1 of 42

CS 186 Exam Prep Section 2:

Disks and Files

2 of 42

Disks & Files

3 of 42

Files, Pages, Records

  • Tables stored as logical files consisting of pages each containing a collection of records
  • File (corresponds to a table)
    • Page (many per file)
      • Record (many per page)
  • The unit of access to physical disk is the page
    • 1 I/O = read or write 1 page

4 of 42

Page Basics:

The page header keeps track of the records in the page.

The page header may contain fields such as:

  • Number of records in the page
  • Pointer to segment of free space in the page
  • Bitmap indicating which parts of the page are in use

5 of 42

Fixed Length Records

Fixed length records are when record lengths are fixed and field lengths are consistent

Packed Records: no gaps between records, record ID is location in page

Unpacked Records: allow gaps between records, use a bitmap to keep track of where the gaps are

6 of 42

Variable Length Records

Variable length records are when either record lengths are not fixed or field lengths are not consistent

We can store variable length length records with an array of field offsets:

  • Each record contains a record header
  • Variable length fields are placed after fixed length fields
  • Record header stores field offset (where variable length field ends)

7 of 42

Variable Length Records: Slotted Pages

  • Move page header to end of page (footer) - to allow for growth
  • Store length and pointer to start of each record in footer
  • Store a pointer to free space
  • Deleting records may cause fragmentation if we use an unpacked layout

8 of 42

Heap Files and Sorted Files

A heap file is just a file with no order enforced.

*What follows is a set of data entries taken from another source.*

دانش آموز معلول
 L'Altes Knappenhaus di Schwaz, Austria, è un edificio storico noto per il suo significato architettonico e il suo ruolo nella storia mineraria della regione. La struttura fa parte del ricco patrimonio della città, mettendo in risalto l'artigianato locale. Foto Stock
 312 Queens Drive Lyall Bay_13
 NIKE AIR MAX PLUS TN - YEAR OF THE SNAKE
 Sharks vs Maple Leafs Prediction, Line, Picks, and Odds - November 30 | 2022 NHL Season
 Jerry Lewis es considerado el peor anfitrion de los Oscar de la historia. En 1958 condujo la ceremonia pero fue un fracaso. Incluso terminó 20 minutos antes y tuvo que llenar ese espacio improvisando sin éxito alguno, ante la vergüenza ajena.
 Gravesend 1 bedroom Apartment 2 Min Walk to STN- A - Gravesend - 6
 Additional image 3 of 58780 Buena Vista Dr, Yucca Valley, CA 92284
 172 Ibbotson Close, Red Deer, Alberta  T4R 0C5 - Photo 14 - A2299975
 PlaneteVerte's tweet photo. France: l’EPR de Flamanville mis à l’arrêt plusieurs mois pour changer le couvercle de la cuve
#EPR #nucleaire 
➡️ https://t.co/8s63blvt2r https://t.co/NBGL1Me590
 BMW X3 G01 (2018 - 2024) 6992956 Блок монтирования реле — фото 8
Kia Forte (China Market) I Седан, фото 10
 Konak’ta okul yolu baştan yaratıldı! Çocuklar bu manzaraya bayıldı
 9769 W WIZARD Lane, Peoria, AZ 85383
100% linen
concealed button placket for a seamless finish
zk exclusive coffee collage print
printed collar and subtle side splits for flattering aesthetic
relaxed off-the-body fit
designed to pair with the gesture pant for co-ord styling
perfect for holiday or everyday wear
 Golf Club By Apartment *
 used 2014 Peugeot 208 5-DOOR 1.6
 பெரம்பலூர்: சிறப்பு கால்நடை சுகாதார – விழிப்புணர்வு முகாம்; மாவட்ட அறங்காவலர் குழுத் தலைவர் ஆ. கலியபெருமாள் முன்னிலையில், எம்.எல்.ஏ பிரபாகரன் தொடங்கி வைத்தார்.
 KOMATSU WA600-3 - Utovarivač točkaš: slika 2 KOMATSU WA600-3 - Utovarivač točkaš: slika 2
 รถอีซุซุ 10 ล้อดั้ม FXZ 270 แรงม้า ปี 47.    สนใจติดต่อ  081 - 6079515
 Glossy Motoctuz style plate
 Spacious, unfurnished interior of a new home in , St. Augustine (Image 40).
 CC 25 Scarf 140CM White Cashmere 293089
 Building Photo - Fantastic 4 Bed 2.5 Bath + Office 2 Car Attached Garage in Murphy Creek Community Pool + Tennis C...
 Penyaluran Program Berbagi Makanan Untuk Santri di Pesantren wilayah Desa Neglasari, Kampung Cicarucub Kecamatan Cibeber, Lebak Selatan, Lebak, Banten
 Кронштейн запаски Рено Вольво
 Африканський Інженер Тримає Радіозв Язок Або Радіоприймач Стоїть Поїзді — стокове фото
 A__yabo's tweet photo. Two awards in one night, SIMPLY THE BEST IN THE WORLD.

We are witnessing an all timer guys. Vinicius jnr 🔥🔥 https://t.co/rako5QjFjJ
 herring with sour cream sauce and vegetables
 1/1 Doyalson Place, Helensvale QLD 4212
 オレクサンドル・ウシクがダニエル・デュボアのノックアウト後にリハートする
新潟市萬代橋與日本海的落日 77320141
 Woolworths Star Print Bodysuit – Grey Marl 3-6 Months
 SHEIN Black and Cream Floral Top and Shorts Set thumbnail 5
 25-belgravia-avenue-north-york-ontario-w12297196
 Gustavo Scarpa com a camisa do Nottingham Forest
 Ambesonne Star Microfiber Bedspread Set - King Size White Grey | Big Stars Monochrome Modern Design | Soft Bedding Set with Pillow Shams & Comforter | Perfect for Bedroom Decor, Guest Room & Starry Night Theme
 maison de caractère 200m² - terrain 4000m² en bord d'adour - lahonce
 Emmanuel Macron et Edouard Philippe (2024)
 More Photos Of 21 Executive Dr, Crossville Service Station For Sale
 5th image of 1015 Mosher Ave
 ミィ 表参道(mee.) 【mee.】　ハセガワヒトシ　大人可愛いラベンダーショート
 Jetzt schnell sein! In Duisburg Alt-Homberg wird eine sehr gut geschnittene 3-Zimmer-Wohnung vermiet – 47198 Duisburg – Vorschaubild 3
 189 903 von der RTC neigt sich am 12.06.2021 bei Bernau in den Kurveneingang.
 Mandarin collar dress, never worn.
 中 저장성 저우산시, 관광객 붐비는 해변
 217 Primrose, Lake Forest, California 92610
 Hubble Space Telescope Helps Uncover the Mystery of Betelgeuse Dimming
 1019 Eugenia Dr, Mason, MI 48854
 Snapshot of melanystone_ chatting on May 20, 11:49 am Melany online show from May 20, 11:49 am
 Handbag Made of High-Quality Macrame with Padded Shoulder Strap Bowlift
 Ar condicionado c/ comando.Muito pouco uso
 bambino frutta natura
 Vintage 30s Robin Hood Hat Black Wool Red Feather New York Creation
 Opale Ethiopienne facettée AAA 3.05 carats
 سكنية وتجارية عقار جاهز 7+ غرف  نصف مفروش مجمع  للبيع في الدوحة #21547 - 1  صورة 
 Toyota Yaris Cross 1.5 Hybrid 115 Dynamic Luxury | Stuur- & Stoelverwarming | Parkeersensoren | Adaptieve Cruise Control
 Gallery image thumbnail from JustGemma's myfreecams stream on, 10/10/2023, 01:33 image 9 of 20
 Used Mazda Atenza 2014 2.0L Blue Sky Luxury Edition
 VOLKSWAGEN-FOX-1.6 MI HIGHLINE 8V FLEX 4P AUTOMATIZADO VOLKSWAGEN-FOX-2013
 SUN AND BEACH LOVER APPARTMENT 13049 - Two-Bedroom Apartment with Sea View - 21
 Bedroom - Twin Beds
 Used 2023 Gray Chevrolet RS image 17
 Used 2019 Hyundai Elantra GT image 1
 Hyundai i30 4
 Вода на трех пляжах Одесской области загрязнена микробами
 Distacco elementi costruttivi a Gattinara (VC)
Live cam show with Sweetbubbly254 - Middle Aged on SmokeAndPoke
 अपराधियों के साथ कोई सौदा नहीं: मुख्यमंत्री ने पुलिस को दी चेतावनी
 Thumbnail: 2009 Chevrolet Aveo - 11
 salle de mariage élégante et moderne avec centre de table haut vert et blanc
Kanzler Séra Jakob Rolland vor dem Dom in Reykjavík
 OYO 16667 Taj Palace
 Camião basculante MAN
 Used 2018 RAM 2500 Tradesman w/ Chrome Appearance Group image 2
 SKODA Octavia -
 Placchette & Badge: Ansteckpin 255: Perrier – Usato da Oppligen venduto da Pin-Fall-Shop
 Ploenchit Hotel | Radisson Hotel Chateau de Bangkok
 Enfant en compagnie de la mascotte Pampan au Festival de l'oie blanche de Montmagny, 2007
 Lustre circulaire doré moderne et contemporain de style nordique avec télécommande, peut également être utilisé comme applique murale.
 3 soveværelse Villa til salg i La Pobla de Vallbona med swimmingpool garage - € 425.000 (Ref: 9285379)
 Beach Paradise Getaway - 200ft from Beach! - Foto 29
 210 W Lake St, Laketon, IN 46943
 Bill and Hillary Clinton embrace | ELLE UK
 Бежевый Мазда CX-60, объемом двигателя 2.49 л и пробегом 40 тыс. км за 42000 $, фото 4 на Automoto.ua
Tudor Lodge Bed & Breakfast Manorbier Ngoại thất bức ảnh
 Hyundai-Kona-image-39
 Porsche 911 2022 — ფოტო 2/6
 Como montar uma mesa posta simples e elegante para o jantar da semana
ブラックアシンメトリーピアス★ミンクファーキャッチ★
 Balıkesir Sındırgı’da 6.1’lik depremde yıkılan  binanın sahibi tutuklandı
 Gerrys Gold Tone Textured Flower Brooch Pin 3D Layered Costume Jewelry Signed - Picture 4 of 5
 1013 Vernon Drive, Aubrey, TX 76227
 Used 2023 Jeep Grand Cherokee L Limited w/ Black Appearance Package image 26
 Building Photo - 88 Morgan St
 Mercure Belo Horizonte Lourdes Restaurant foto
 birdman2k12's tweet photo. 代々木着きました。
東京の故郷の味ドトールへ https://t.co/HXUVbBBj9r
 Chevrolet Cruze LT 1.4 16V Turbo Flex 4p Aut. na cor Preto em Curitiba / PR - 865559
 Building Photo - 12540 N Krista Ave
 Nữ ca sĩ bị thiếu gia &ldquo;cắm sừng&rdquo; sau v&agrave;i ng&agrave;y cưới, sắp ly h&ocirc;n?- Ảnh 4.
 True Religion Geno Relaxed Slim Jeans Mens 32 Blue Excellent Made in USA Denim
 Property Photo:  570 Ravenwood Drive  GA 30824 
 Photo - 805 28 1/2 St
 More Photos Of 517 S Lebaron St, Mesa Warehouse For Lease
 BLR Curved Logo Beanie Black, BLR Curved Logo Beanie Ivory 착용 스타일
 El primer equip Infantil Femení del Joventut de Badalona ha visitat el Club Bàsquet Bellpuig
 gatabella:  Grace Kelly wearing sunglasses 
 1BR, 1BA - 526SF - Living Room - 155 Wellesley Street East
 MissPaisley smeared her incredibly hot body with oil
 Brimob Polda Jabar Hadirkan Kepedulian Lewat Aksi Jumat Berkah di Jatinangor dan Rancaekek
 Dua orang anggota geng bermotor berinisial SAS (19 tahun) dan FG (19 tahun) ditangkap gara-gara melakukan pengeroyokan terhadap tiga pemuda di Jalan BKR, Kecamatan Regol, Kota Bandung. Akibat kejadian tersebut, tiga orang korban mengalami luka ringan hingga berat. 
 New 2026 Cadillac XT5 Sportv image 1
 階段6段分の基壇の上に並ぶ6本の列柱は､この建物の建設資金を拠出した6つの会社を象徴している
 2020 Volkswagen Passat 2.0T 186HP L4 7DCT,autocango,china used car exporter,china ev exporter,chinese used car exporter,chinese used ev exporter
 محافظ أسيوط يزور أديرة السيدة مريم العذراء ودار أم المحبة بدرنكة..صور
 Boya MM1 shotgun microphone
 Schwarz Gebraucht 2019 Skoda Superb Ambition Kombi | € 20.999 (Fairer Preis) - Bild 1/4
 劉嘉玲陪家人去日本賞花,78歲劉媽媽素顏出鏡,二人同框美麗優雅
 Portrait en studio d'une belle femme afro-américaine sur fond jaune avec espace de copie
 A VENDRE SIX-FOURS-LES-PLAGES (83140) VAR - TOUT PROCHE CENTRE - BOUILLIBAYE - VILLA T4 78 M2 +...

  • Within a heap file, we keep track of pages
    • Within a page, keep track of records (and free space)
      • Records placed arbitrarily across pages

A sorted file is similar to a heap file, except we require it be sorted on a key (a subset of the fields).

  • Implemented using page directories, data pages ordered based on how records are sorted
    • We can use binary search on the key the file is sorted on to find records!

9 of 42

Heap Files: List Implementation

One approach to implementing a heap file is as a list.

  • Each page has two pointers (previous and next pages), free space, and data.
  • We have two linked lists of pages, both connected to a header page
    • List of full pages
    • List of pages with some empty space

10 of 42

Heap Files: Page Directory Implementation

A different approach to implementing a heap file is with a page directory.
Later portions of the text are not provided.